I have posted before - but it bears repeating -
Legitimate protest is a cornerstone of the personal freedoms we enjoy, but that does not mean that all protest is automatically legitimate.
If protest is to be effective, it needs to draw attention to a situation that needs to be altered, and the attention needs to be positive, from the people who can actually make the change required.
In this case, the people who can make the change is the government, and recent history shows that they are addressing the very issues being raised by these protestors, albeit not in the immediate way that the protestors seem to believe is either desirable or achievable.
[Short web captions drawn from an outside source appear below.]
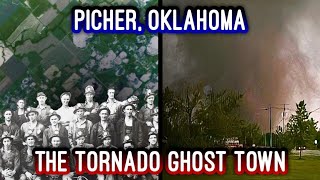 The Tornado Ghost Town  Picher Oklahoma  The Most Toxic City in America [upl. by Ednarb]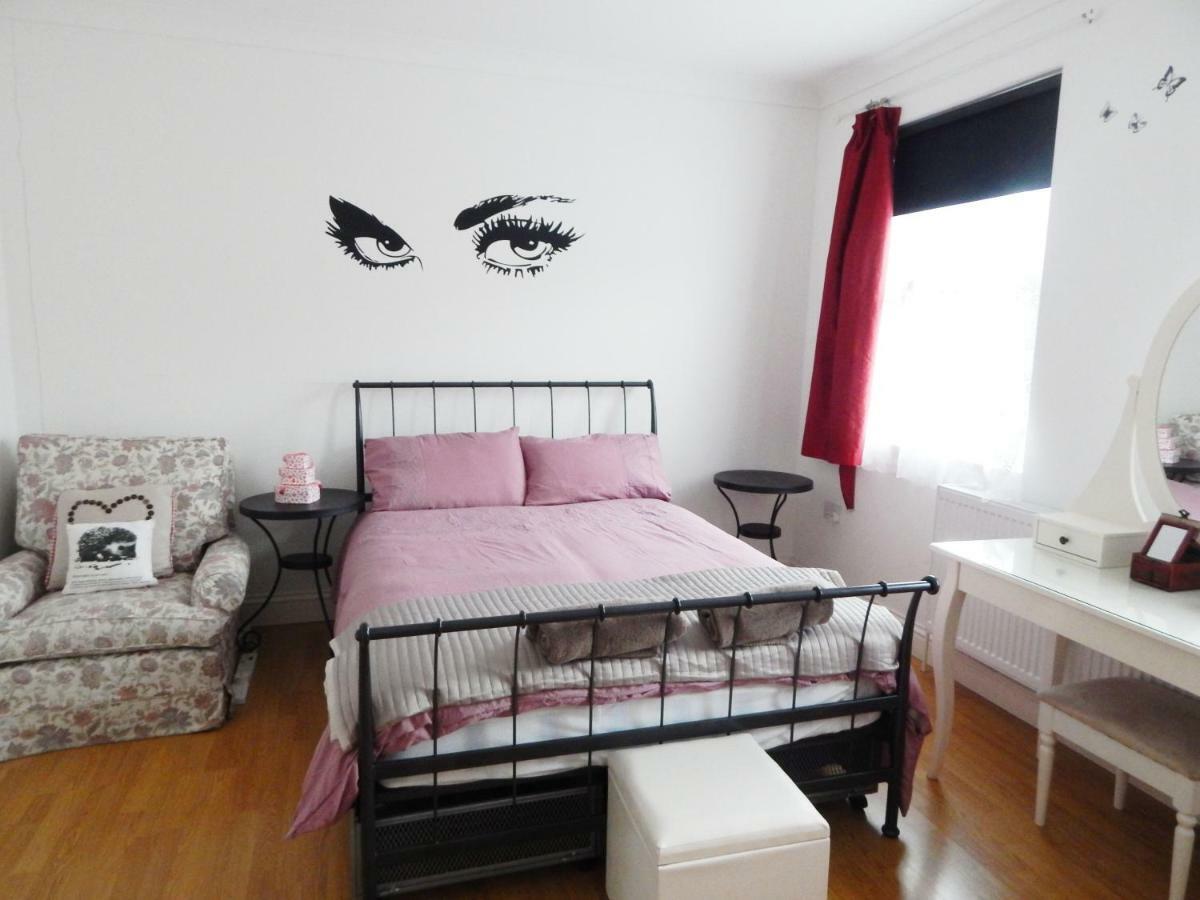 London City Rooms Екстер'єр фото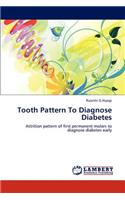 Tooth Pattern To Diagnose Diabetes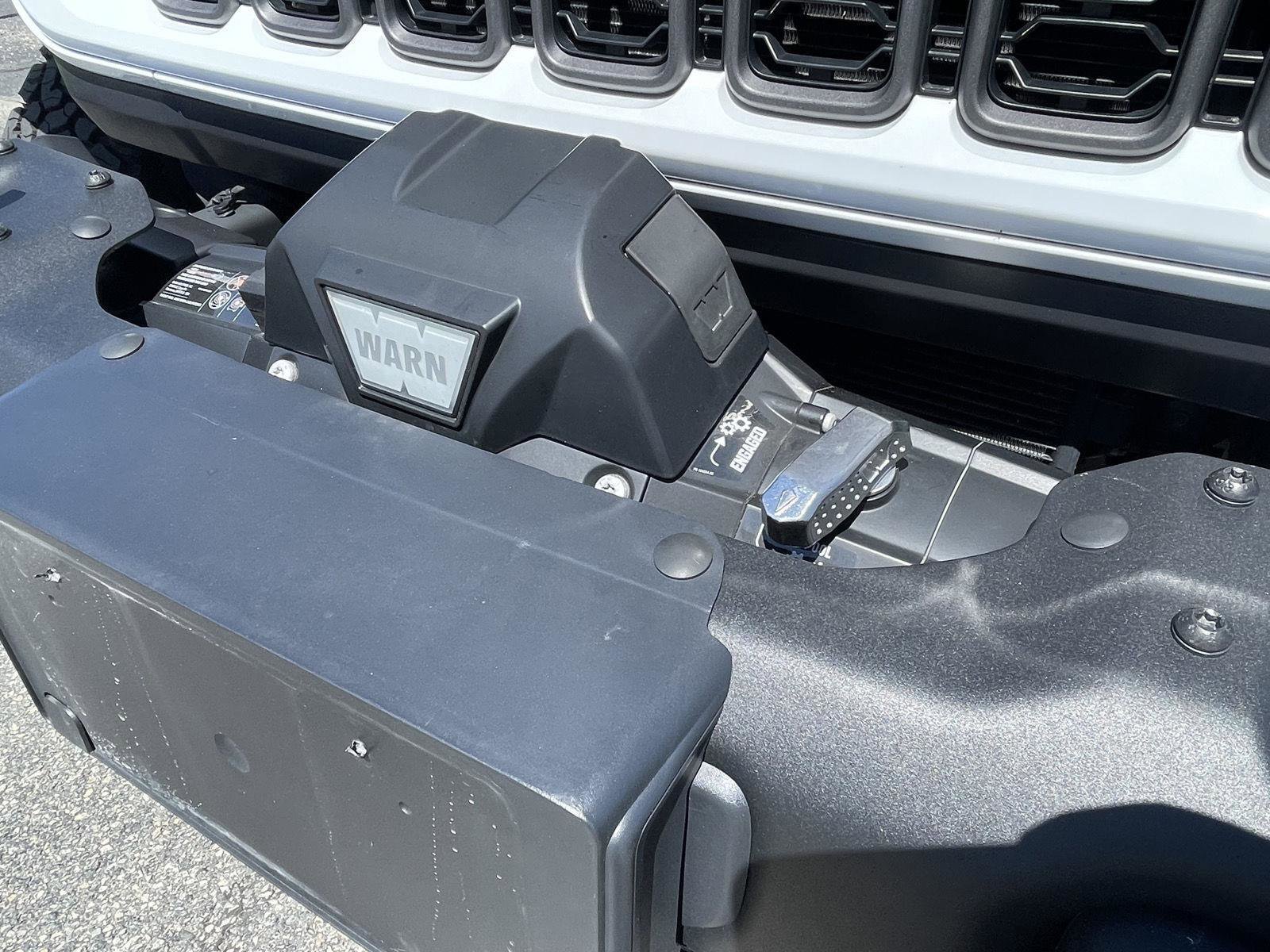 Used 2024 Jeep Wrangler Unlimited Rubicon 4xe AWD/4WD image 26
Unfortunately, direct action such as this means that the reason for the protest becomes buried under the avalanche of reasonable anger and disgust caused by affected individuals who might have been in agreement with the original reasons for the protest, but are comprehensively alienated from it by the horrific fall-out and the livelong damage to innocent people caught up in the impact of the protestors' actions.
I fully understand the concerns of the protestors, but this method of drawing attention to their view is completely counter-productive and far from being seen as concerned individuals with a genuine cause to be raised, are forever doomed to be seen as attention-seeking hysterical, time-wasting, chaos-causing idiots.
We live in a media-driven culture, and protestors should learn their lessons from this - a weeping wailing woman paraded entirely for derision and hate, is always going to be a bigger and more attractive story than the notion that oil production is a bad thing.